「あ、そうか。」
良い案が浮かんで、坂月は片手で自分の首からネクタイを外す。
シュル、と衣擦れの音がすると同時に、沙耶の手も自然とだらりと落ちた。
完全に放れた沙耶に、坂月はもう一度丁寧にジャケットをかけなおすと、気持ちシートを調節し、運転席に回った。
その間も沙耶はすぅすぅと気持ち良さそうに眠りこけていて、ピクリともしなかった。
エンジンをかけて、暖められ始めた車内で、坂月はハンドルにもたれかかり、暫くそんな沙耶の無防備な寝顔を見つめる。

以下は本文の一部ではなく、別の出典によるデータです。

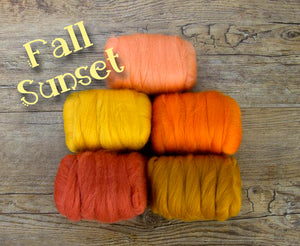 FALL SUNSET - Fiber jelly beans 23 micron Merino (group sale) -  1.1 pounds **please give up to 3 weeks for shipping**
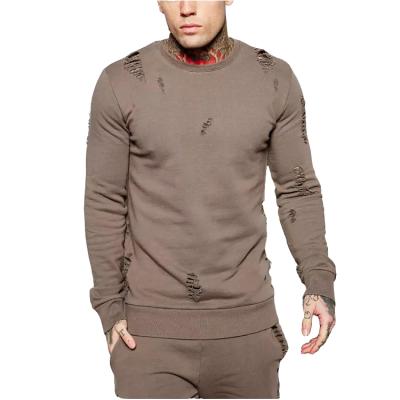 China Crewneck Breathable Men's Distressed Rainbow Touches Pullover Sweatshirt for sale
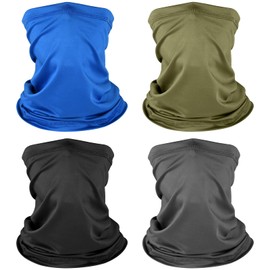 NACHLYNN 4 Pack Multifunctional Headwear Bandana Snoods,Neck Gaiter Nose Warmer Soft and Comfortable Snoods Scarf for Men and Women (Gray,Blue,Green,Black)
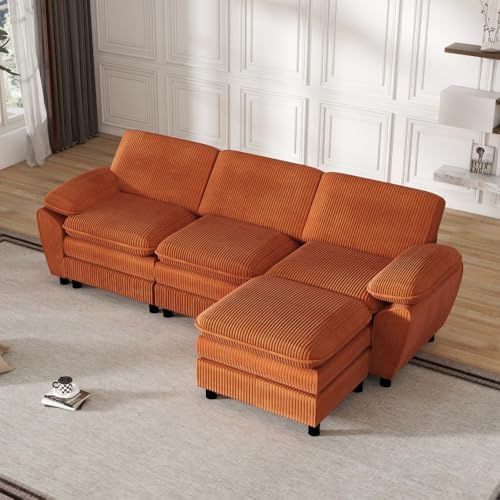 Zubaliya Wohnzimmersofa, Doppelkissen, Cordstoff, mit abnehmbarer Fußstütze, Schlafsofa für mehrere Personen, Orange
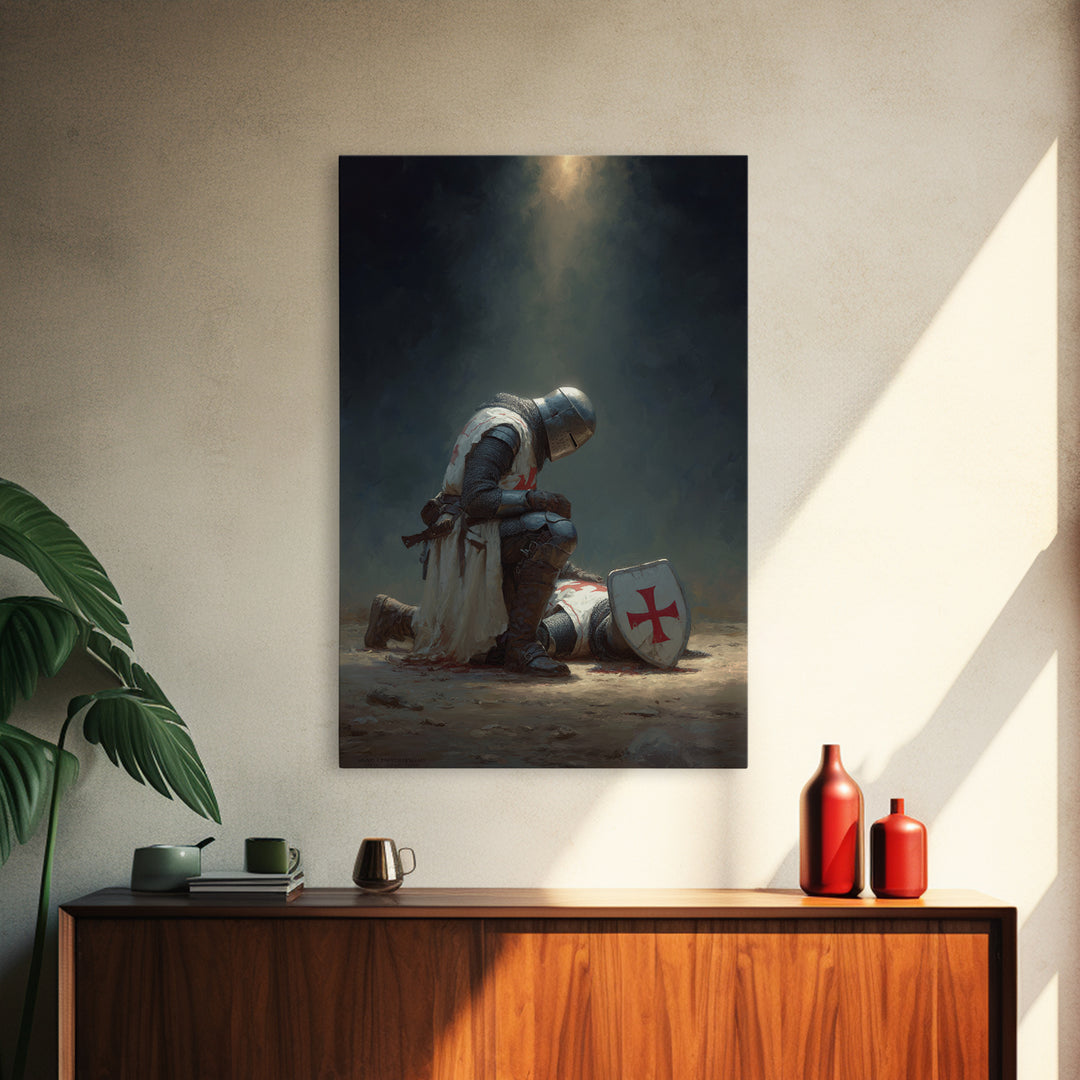 Medieval Knight Mourning Fallen Brother Wall Art Canvas Print Perfect For Office Decor And Gifts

そこには、数時間前、大男達をなぎ倒した、男顔負けの破天荒な強い女の顔はなく。
片手にネクタイ、そしてもう片手にしっかりと紺のワンピースを握り締めた、どこかしら、心細い表情をした幼い女の子が眠っていた。
頬には、涙の痕が幾筋も残っていて。
紺のワンピースからほつれが出ていた。
―破れている?
坂月は、その事実に気付いて、はっとする。
沙耶の身に何が起こったのかを、察したからだ。
「女の子にとって、服は、宝物なのにね。」
ぽつり、呟くと。
そっと、沙耶の前髪に触れ。
直ぐに、引っ込めた。
そしてゆっくりと、車は走り出す。
赤や黄色に色づいた、落ち葉を散らして。